---------- SUPPLIED DATA ----------

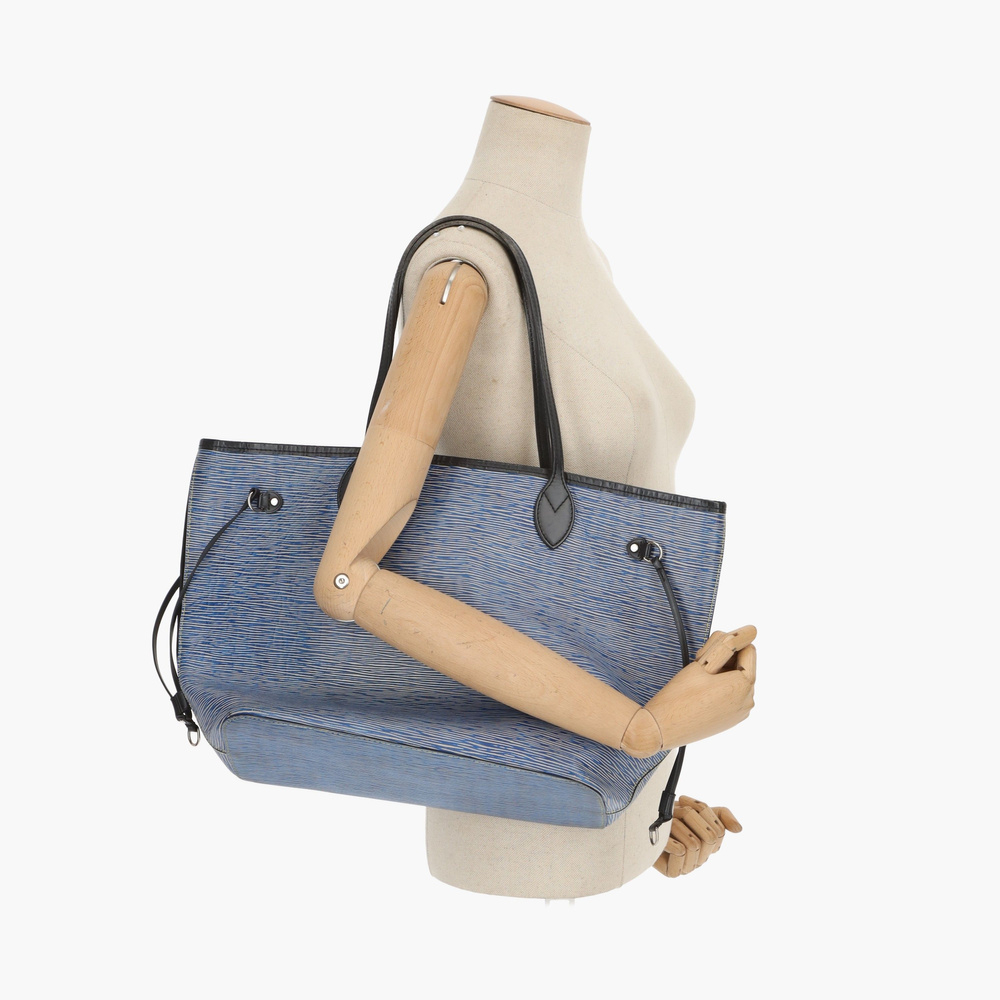 Louis Vuitton Epi Neverfull Mm Tote Bag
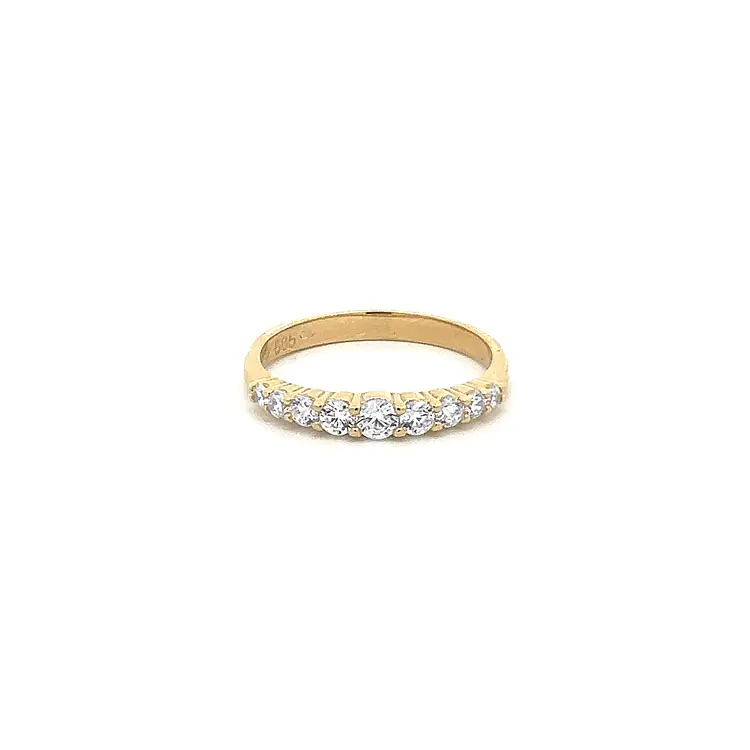 Nhẫn vàng với hàng đá zircon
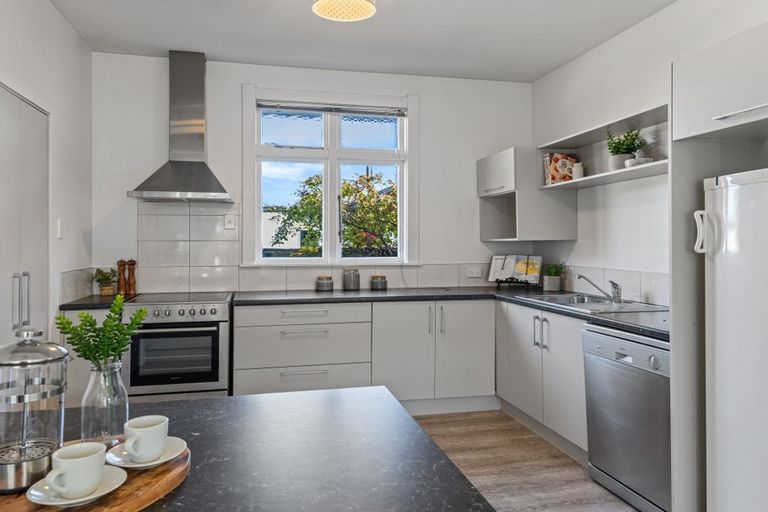 Photo of property in 32 Penrith Avenue, Somerfield, Christchurch, 8024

----------

[WORK TO COMPLETE]
Pictures are to be left out; all other data must be returned exactly.

[RESULT BELOW]
 Louis Vuitton Epi Neverfull Mm Tote Bag
 Nhẫn vàng với hàng đá zircon
 Photo of property in 32 Penrith Avenue, Somerfield, Christchurch, 8024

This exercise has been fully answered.